Einigung unter Bundeskanzler
Die Verhandlungsrunde mit Bundeskanzler Stocker brachte die Einigung, wie er auf X berichtete:
Ich habe mich heute selbst in die Verhandlungen eingebracht, damit wir bei den offenen Punkten Ergebnisse erzielen. Wir haben den Durchbruch geschafft, sowohl bei der Unterstützung für unsere heimischen Bäuerinnen und Bauern als auch beim Klimagesetz. (BK) pic.twitter.com/A3DS9Kesq1
— Christian Stocker (@_CStocker) August 21, 2026
Die Ergebnisse:
Mehr als 200 Millionen Euro an direkter Hilfe für die von der Dürre betroffenen Bauern kommen aus Bundesmitteln
Das Klimagesetz soll kommen mit den Zielen bis 2040, wobei Stocker in einem ersten Statement auf das EU-Ziel verwies, bis 2040 rund 90 Prozent der Ziele zu erreichen.

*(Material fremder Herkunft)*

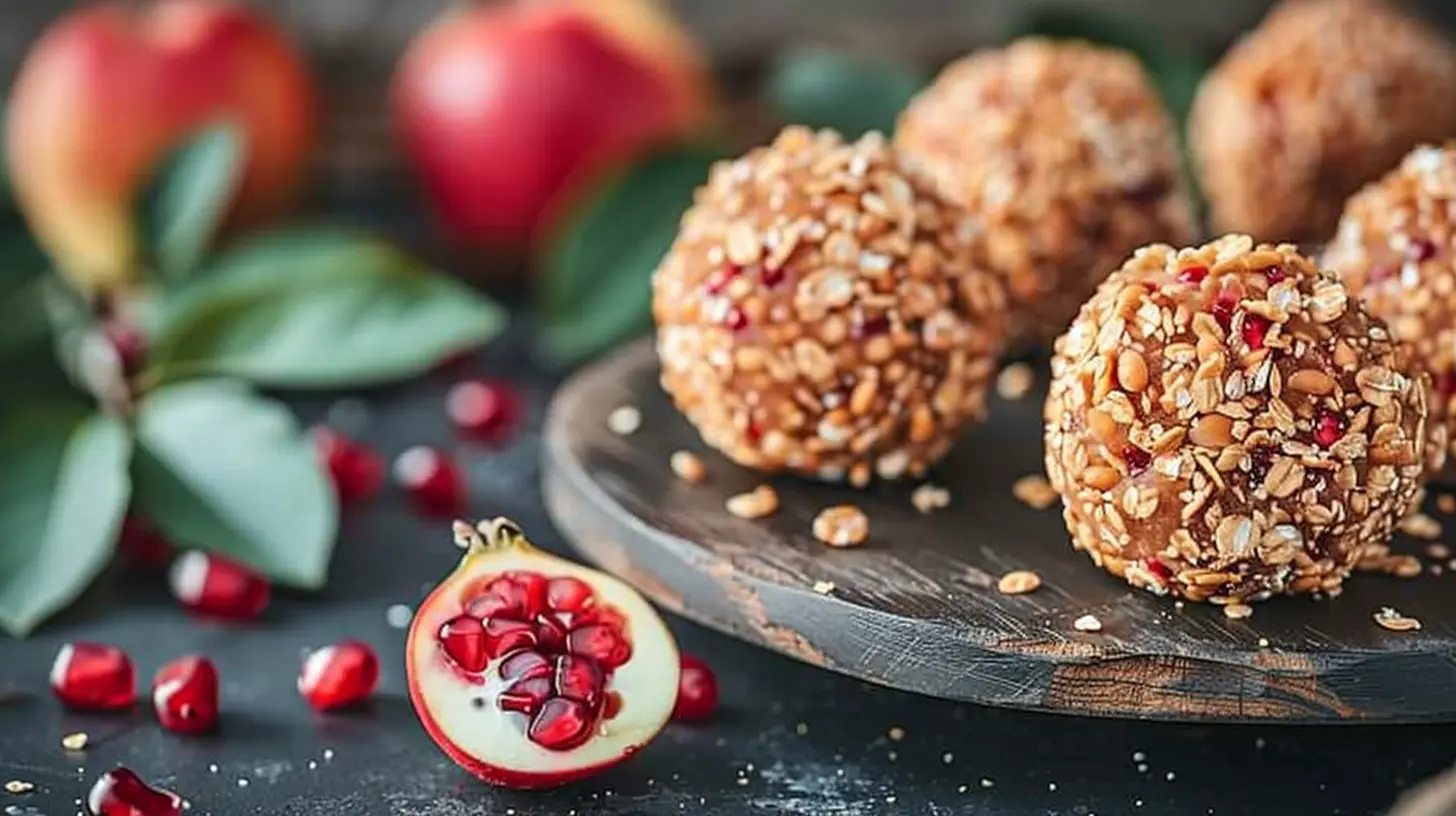 Keep Your Energy High With These Afternoon Healthy Bites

Die Verfahren der Umwelt-Verträglichkeits-Prüfung (UVP) werden vereinfacht und beschleunigt.
Für die Speicherung von Kohlendioxid werden Möglichkeiten geschaffen und Vorsorgen getroffen.

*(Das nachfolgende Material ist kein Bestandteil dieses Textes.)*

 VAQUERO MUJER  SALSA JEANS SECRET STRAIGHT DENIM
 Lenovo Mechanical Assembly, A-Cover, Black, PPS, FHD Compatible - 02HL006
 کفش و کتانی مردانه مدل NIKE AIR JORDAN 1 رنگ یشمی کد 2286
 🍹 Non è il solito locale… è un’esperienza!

In seiner ersten Erklärung sagte Stocker: „Ich habe mich selbst in die Verhandlungen eingebracht, damit wir bei den offenen Punkten Ergebnisse erzielen. Wir haben den Durchbruch geschafft, sowohl bei der Unterstützung für unsere heimischen Bäuerinnen und Bauern als auch beim Klimagesetz.“
Die bei der Hagelversicherung versicherten Höfe erhalten von dort Hilfszahlungen, für die insgesamt rund 400 Millionen Euro vorgesehen sind.
Die Einzelheiten des umfangreichen Pakets präsentierten Landwirtschaftsminister Norbert Totschnig (ÖVP), Finanzminister Markus Marterbauer (SPÖ) und Abg. Martin Bernhard (NEOS).